Unfortunately, this study did not evaluate the effect of dovitinib on endothelial cells, and the con centration used was much higher than a pharmacologic Inhibitors,Modulators,Libraries ally relevant dose. In our study, dovitinib at 0. 1 umolL did not affect the viability or proliferation of HCC cell lines in vitro. In contrast, it did inhibit endothelial cell proliferation and motility at concentrations that also inhibited VEGFR and FGFR signaling in these cells. Stud ies of HCC xenografts treated with pharmacologically relevant concentrations of dovitinib showed more effect on the inhibition of tumor angiogenesis in vivo than on proliferation or apoptosis. Taken together, these data in dicate that dovitinib acts preferentially to target tumor vasculature rather than cancer cells in the treatment of HCC.

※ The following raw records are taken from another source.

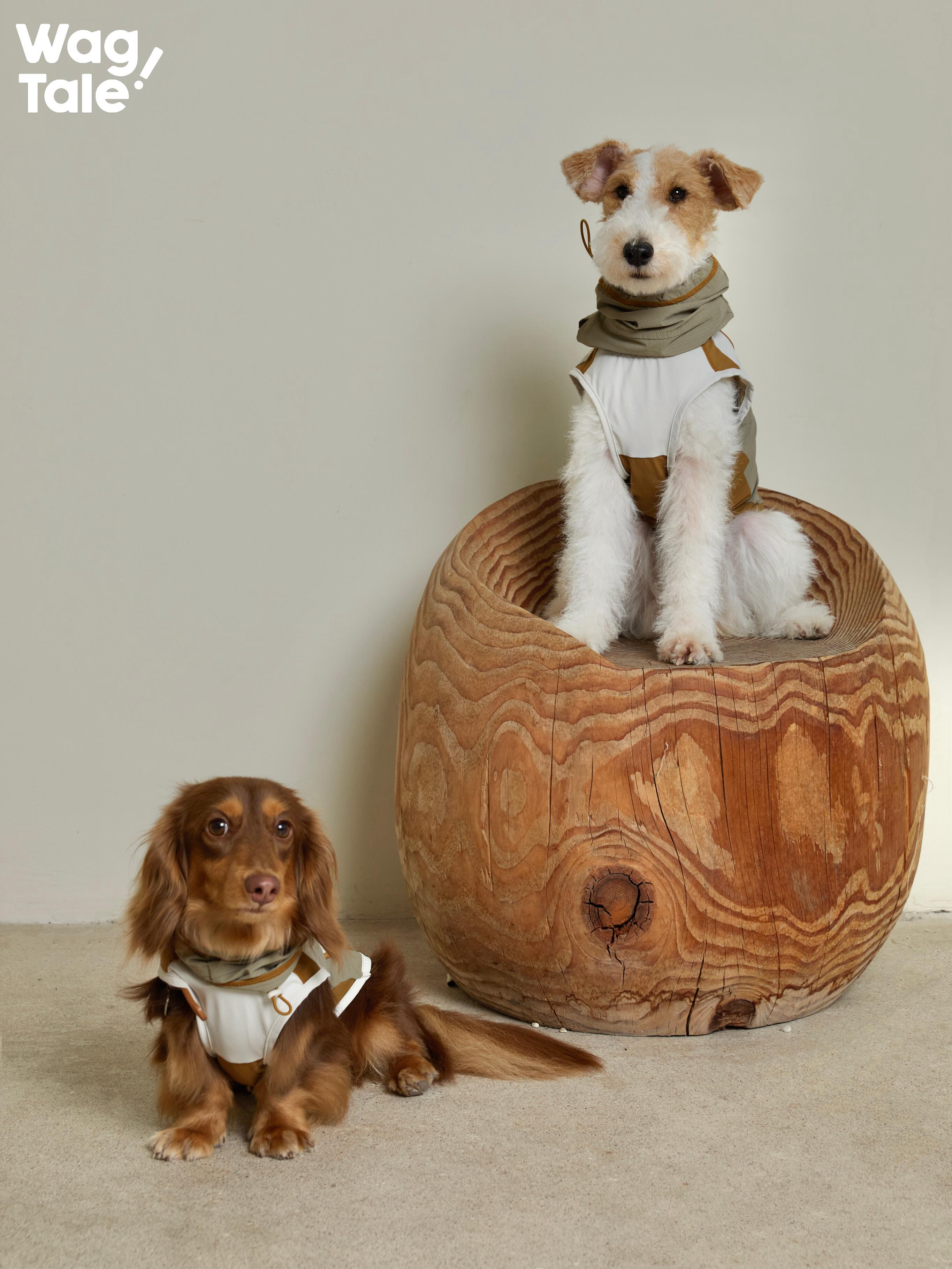 Sun-protective Cooling Dog Vest for Summer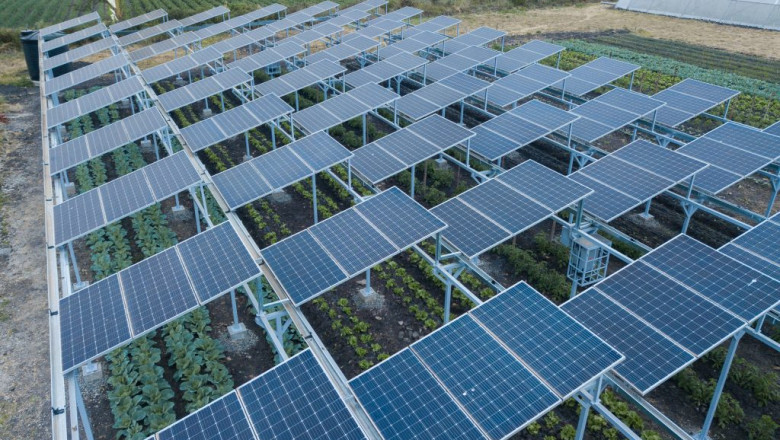 How Agrivoltaic Systems Are Revolutionizing Solar Power Generation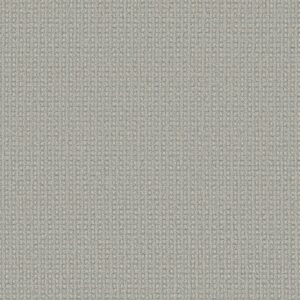 Anderson Tuftex Carpet Fetch Surf Spray 00412_ZZ074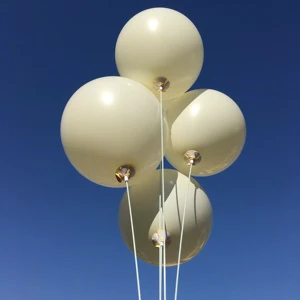 Wholesale Multi Color 12 Inch 100 Pcs Pack Latex Helium Round Balloons for Birthday Party Decoration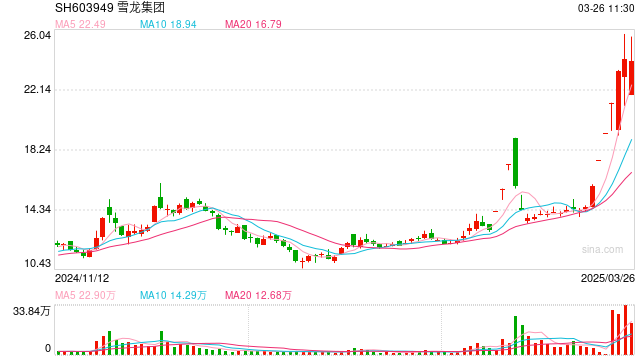 雪龙集团走出“地天板” 股价强势延续还是炒作陷阱？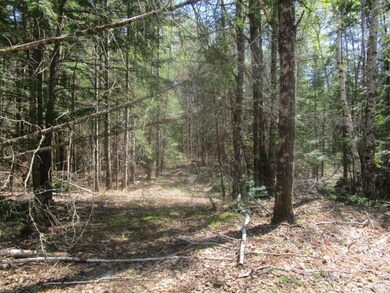 Wooded Lot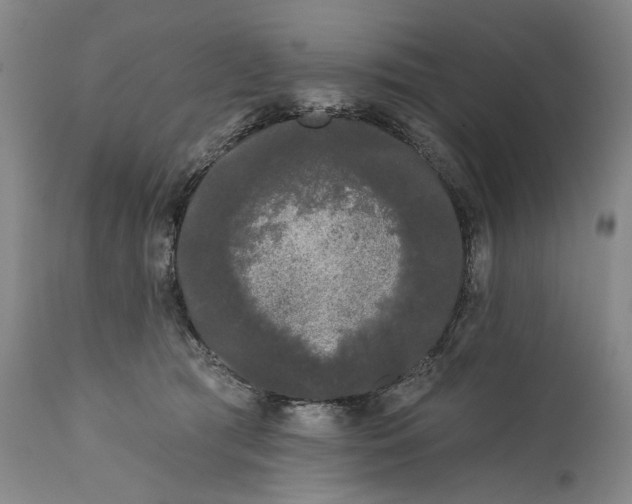 X0000111670417200908071502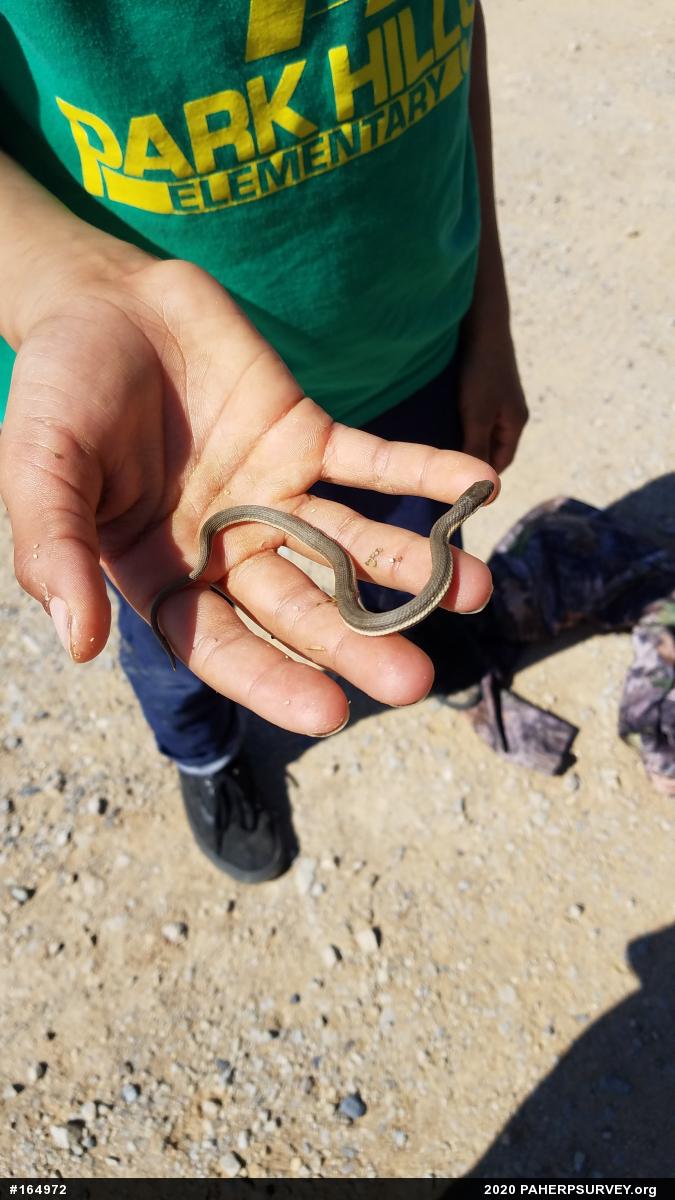 Queensnake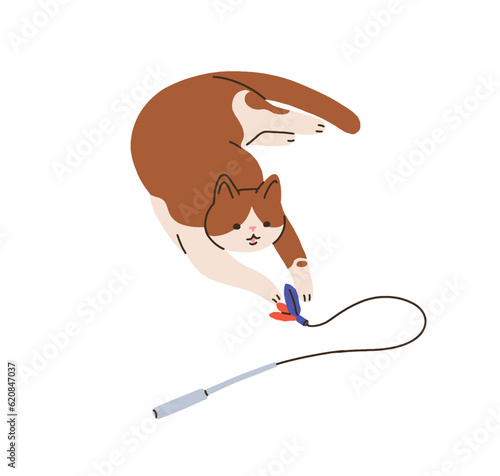 Cute cat playing with interactive stick toy. Happy funny playful kitty catchi...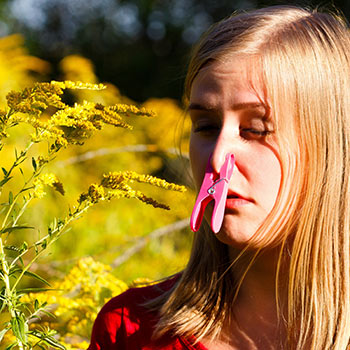Could-Probiotics-be-the-Cure-for-Seasonal-Allergies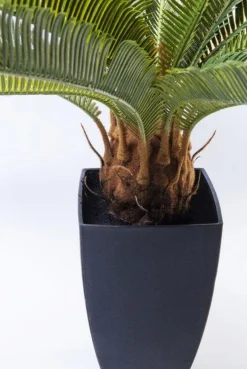 Roślina Dekoracyjna Cycas Tree 40x78 Cm*KARE Design Outlet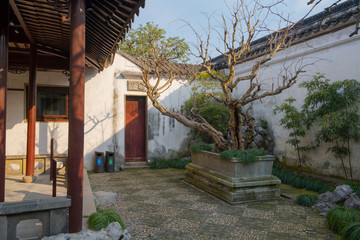 Fototapeta na wymiar Quiet place with tree and bonsai tree inside Humble Administration Park in China, Suzhou city with white wall on background, columns and closed door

Some previous studies have reported that high expres sion of the angiogenic factors VEGF, basic FGF, and platelet derived growth factor receptor are detected in Inhibitors,Modulators,Libraries patients with HCC, suggesting that VEGFR, FGFR, and PDGFR are likely targets Inhibitors,Modulators,Libraries of dovitinib. Our analysis of HCC and endothelial cell lines found that, of the known dovitinib sensitive RTKs, only PDGFR B was expressed by SMMC7721 and MHCC 97H cells, where VEGFR 2 and FGFR 1 were highly expressed by endothelial cells. Although high PDGFR B expression has been correlated with HCC progression, our in vitro studies showed that dovitinib inhibition of PDGFR signaling was not suffi cient to inhibit the proliferation of HCC cells. Thus, PDGFR signaling in HCC cells is likely through redundant growth signaling pathways.
In contrast, dovitinib inhibited the phosphorylation of VEGFR 2 and FGFR 1 in endothe lial cells at similar concentrations, indicating the import ant role of VEGFR selleck chemical Imatinib and FGFR signaling in the proliferation of endothelial cells. The endothelial cells recruited to the tumor tissue are not only related to blood perfusion of the tumor, but they are also believed to be involved in the cancerstromal cell interaction favoring tumor growth. However, some believe that normal endothelial cells may be the barrier to hematogenous metastasis.